Pertenecer a la historia*

Yara El-Ghadban
Traducción de Gabriel González Castro

*Publicado originalmente en la revista canadiense Moebius durante 2020.

a mi madre

Mi historia no me pertenece. La comparto con millares de cristianos, musulmanes y judíos para quienes Palestina es nada menos que la Tierra Santa, la Tierra Prometida. Nativos, migrantes, nómades, comerciantes, conquistadores, misioneros, refugiados, colonos… diferentes pueblos viven hacen miles de años en Palestina. Vengo de este nudito adiamantado que une a África, Europa y Asia, lugar de paso de las primeras migraciones conocidas por la humanidad. Corren por mis venas historias, memorias, cantos, civilizaciones de tres continentes. ¿Quién soy entonces para reivindicar una historia que pertenece a toda la humanidad?, ¿para llamarla mía, mía y solamente mía? ¿Quién soy para ridiculizar a esos fieles que lloran en las calles de la Vieja Jerusalén, caminando tras los pasos de Cristo, incluso si no conocen ni la lengua ni el camino de su salvación?

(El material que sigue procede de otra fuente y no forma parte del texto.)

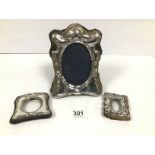 THREE ART NOUVEAU STYLE SILVER PHOTO FRAMES BY KEYFORD FRAMES LTD, LARGESTS APERTURE 12CM BY 9CM (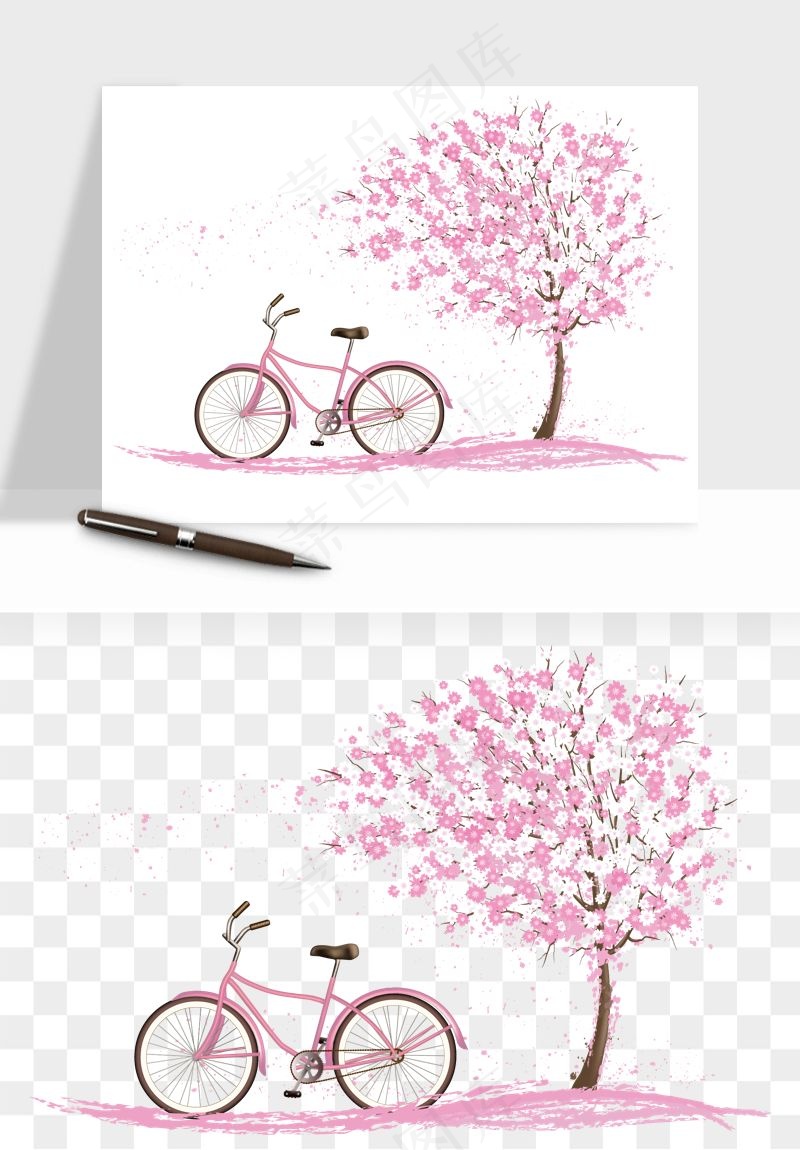 手绘樱花树png免抠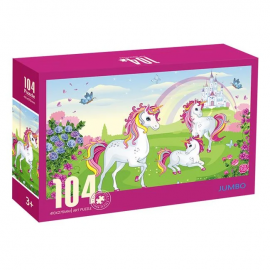 Puzzle cu unicorni, castel si curcubeu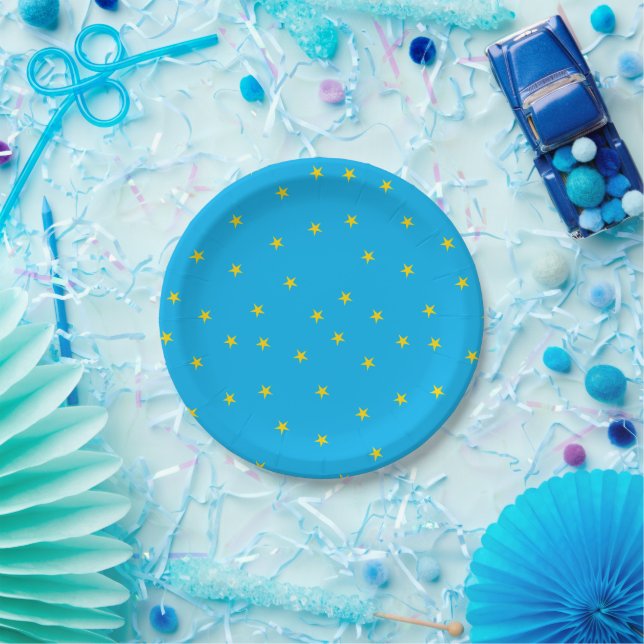 Blue yellow stars paper plate (Party)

Reivindico la libertad de ser narradora de mi historia. La que teje, la que dice, la que cuenta. Exiliada en la vida, rechazo ser exiliada de mi relato. Mi historia es vieja como el Viejo Mundo. Un jardín de lenguas. Una epopeya transcontinental de mitos frágiles y devoradores. Una geografía plegada y desplegada, con capa sobre capa de arena, rocas, ríos, colinas, montañas, valles. Mi historia ha colocado el polvo del mundo sobre mi cuerpo. El desierto mezclado con el rocío de los prados, el dulce aliento salado del Mar Muerto y del Mar de Galilea y las caletas del Mar Blanco –el nombre árabe del Mediterráneo–.

Imagínense entonces. Imagínenme, narradora de mi historia. Olviden todo lo que conocen o piensan saber de Palestina, de Israel, del conflicto israelí-palestino, como se gusta nombrarlo (para decir que es una disputa y no una aberración de la era colonial). Olviden la Tierra Santa y sus cursos de catequesis, de ética y de cultura religiosa, de moral (o como se llame el curso que se supone que les convierte en buenos ciudadanos).

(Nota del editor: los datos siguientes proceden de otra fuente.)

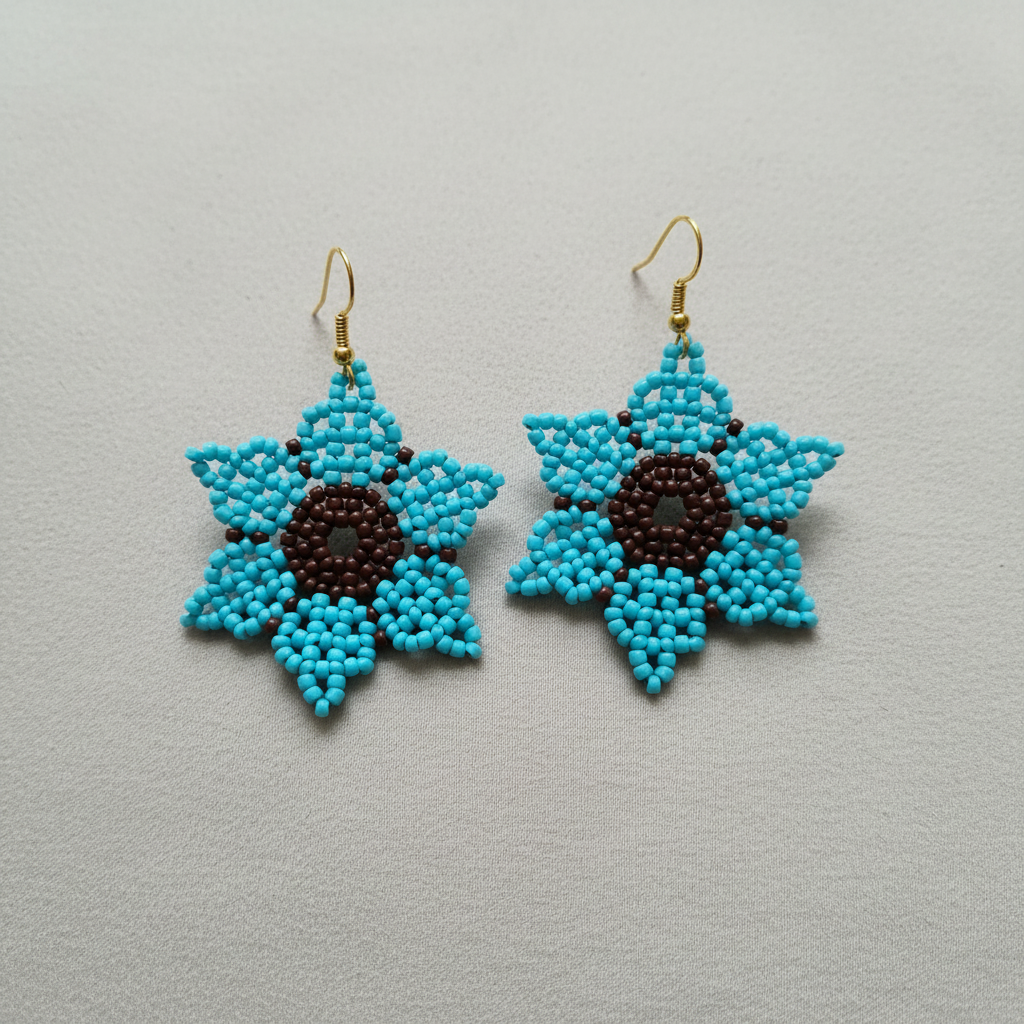 Turquoise Seed Bead Earrings with Hooks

Si yo era la única narradora de mi historia, y si me leyeran sin prejuicios, les hablaría de mi abuela materna, Rasmiyyeh, que cantaba en italiano, y de mi tío abuelo Ahmad, héroe de la revuelta de los palestinos contra los británicos en los años de 1930. Les hablaría de las hermanas italianas que vivían en el convento situado en lo alto de Saffuriya, su pueblo natal. Como la mayoría de los pueblos palestinos, Saffuriya acariciaba la ladera de una colina, las casas giradas hacia las tierras cultivadas más abajo en la llanura.

Las hermanas se abastecían con los campesinos. Las chicas jóvenes del pueblo, a su vez, visitaban a las hermanas y las ayudaban en diversas tareas. Es así como el árabe y el italiano cantaban a dúo en la casa de mi abuela. Su música me habita, aunque rara vez tengo oportunidad de hablar árabe fuera de mi casa y no conozco en absoluto el italiano, salvo por las arias de ópera que acompañaba en el piano.

En Saffuriya, las hermanas y sus vecinos palestinos no discutían ni de Dios, ni de los colonos, ni de milagros, incluso si sus encuentros tenían todo que ver con Dios, los colonos o los milagros. Ellas compartían las noticias de la joven casada que ya se embarazó, del pastor que perdió una de sus ovejas el otro día, de la temporada de higos, del queso para marinar en agua, sal y algunos ajís, del burro enfermo y de las canastas de paja que habría que vender a buen precio en Nazaret. Una vez terminadas las tareas en el convento y en la casa, las chicas y los chicos del pueblo caracoleaban hacia las ruinas de los prados que les servían de campo de juego. Sus pies barrían el suelo y de vez en cuando desenterraban los mosaicos de los antiguos conquistadores romanos. Un convento había remplazado a las villas de los emperadores y el italiano al latín, pero los niños sabían muy bien que la marcha de la historia era el mismo, solo que los caminantes cambiaron de nombre y lengua. A veces eran conquistadores y otras, colonizados. Los niños del pueblo jugaban y revolvían las huellas de la historia bajo sus pies.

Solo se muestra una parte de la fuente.